Is this normal? Yes.
Stats are collected every 20 seconds and recorded and retained locally on the host for an hour. Every five minutes (300 s) these data are aggregated into new samples. These samples added every five minutes are sent to vCenter server to be store in the database. Anyway, this data is kept for one day in the host. This is done as an optimization so for all queries from the last day it is not neccessary to go to the vCenter database.
Figure taken from PowerCLI & vSphere statistics

In the previous screenshot there were two files: hostAgentStats-20.stats and hostAgentStats-300.stats. These files seem to store local information for 20 and 5 minutes samples. It is at the moment that these files are updated every 20 seconds when we see the disk traffic generated by the alleged problem.

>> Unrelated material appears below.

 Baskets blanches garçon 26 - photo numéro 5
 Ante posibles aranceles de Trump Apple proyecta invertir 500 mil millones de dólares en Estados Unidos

At this point we can say that we have found the murderer. But we had no choice but to acquit him of manslaughter: what it does is perfectly normal and understandable. In a small host with one CPU and access to few LUNs, the statistics to collect only take just over 1 MB. But when you have to collect statistics on a host with 8 NICs, 2 HBAs, 24 CPUs and 80 LUNs and 650 paths, writing all these stats every 20 seconds can be substantial.

To make things worse, you have a cluster of 25 hosts with clocks perfectly synchronized as the flying spaghetti monster mandates, and hostd synchronizes stats collections at seconds 0, 20 and 40 every minute. So the 25 hosts are like zombies writing at the same time about 500 MB to the disk array.

What about ESXi?

Was I told that ESXi runs from RAM and does not require a physical disk booted? (Except to save configuration changes). In fact I have even removed the boot disk to ESXi and it kept running so happy. How can that work if the statistics cannot be writen to disk as done by ESX?

Lets check which file systems are mounted on ESXi.



Surprise! There is a mounted filesystem just in the place where the stats files are hosted. Why?

The visorfs is something like a RAM disk. Has its own features, but basically it is a RAM disk. Inshort: that means that ESXi does write these files, but in memory! and not on the physical drive.

The creative solution

So how do I get rid of generation of write bursts to the SAN disk? The answer lies in ESXi: write to memory.

The ESX service console is not the vmkernel, there is no visorfs in a Red Hat Linux. Do you have something like that the Linux? Yes, it is called tmpfs.

With several exceptions, the tmpfs is something like vmvisor: a RAM disk. The good part is that, unlike a traditional RAM disk, it will be using memory as needed and will be releasing it when it is not needed anymore.

Then the solution is to mount a tmpfs in /var/lib/vmware/hostd/stats. We do this by adding a line to /etc/fstab and rebooting the host.



After rebooting the host, the tmpfs is mounted.



And the stats files are in place.


Yeah, you are right: when you reboot these files are lost. Do not worry, the 5-minute stats are already on the vCenter database and when hostd starts if this files are missing, it will recreate them.

In fact this is exactly what ESXi does: throws the stats away. In hostd's init script (/etc/init.d/hostd) it creates a RAM disk with a size based on the number of VMs and resource pools in the system.





And they lived happily ever after. Case closed.

Extra! Extra!

There is a section for statssvc in hostd config file /etc/vmware/hostd/config.xml that lets you specify several parameters, including how often to collect statistics or in which directory to storage them.

Disclaimer: I'm not sure this will be "supported" by VMware, so this information is "as is". In any case, the generic disclaimer of this blog applies here.